A number of years ago (more than I care to recall), I delivered a reasonable amount of face-to-face training. One of the first pieces of work I was tasked with was revamping the communication skills module of a learning programme. Like the enthusiastic beginner I was, I did my research, analysing the specific communication needs of the target audience, interviewing them and their managers and taking direction from other internal sources. I went about digging into the lore of the subject, reading books, cribbing from previous courses and digging around some early training sites for inspiration and ideas.

When I was ready, I went about the design of the module as best I knew how, trialled it, tweaked it and rolled it out. Feedback was great, happy sheets had the highest of ratings and it was a genuinely enjoyable experience.

Some time later, at a different organisation, I was given a similar job revamping a communications skills course. I’ve always believed in iterative design, so rather than just rehash what I had done before, I carried out some more desktop research — that’s when I came across an article that shook my pre-existing beliefs about the work I had done.

It was written by an American called ‘Buzz’ Johnson (the internet has since scrubbed the page I visited, but here’s some context http://www.learning-org.com/03.04/0066.html). In it, he tore to shreds the basis of the 55–38–7 rule of communication I had built into the communications module that had received such great feedback.

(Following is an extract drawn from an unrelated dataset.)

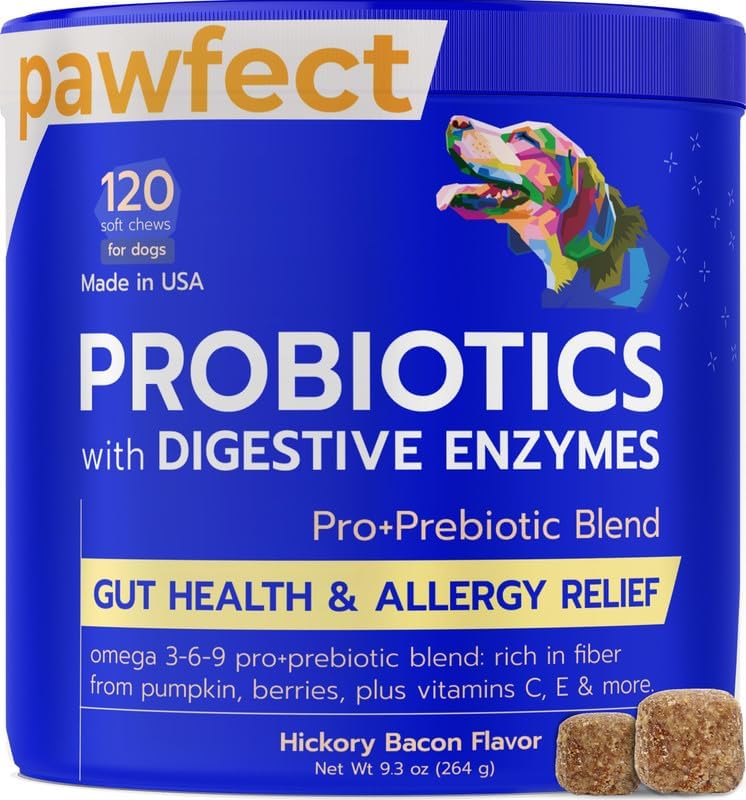 Probiotics for Dogs + Digestive Enzymes - Omega and Pumpkin - Gut Health and Immune Support -Relieves Diarrhea,Gas,Constipation- Made in USA - 120 Chews Pack of 1 Bacon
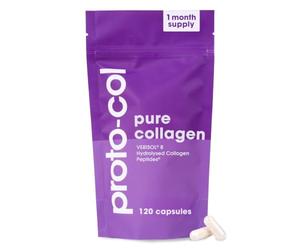 Proto-col Pure Collagen Supplement for Women, 2500mg Bioactive Collagen Peptides, Clinically Proven Type I & III Hydrolysed Anti-Ageing Formula for Skin, Hair, Nails & Joint Support, 120 Capsules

As I read, I felt embarrassed and guilty. And then angry. I had taken that idea from a multitude of sources. I’d delivered the concept in a way that must have been convincing because I got all the cues from participants on the course to indicate understanding and agreement. I used great examples, they provided even more. We all got completely taken in by the seductive, science-y basis of the idea. And it was worse than useless, it was just wrong.

Wait, maybe ‘Buzz’ was wrong. Maybe he had an axe to grind. But he went back to the source, to Albert Mehrabian’s original research, and so I could go back to the paper too. And it was exactly as ‘Buzz’ had described. [1]

I castigated myself — I knew better. What was the point of all those lectures and science labs at university where we specifically guarded against the kind of weak thinking that I had fallen prey to? I was amazed that nobody — nobody! — on any of the dozens of sessions I’d run had come up with the simple counterexamples that would have exposed the concept as bogus.

But here’s the thing: Mehrabian’s work, twisted into a simple, easily digested concept, was clearly wrong. And no matter how I try to dress it up, I’d presented a bad idea to people. I was wrong, and disabused of my misunderstanding, I could improve.

It was a lesson to dig deeper. To not accept claims at face value and insist on knowing the basis for approaches, ideas and models. More evidence based. More robust interrogation of a concept.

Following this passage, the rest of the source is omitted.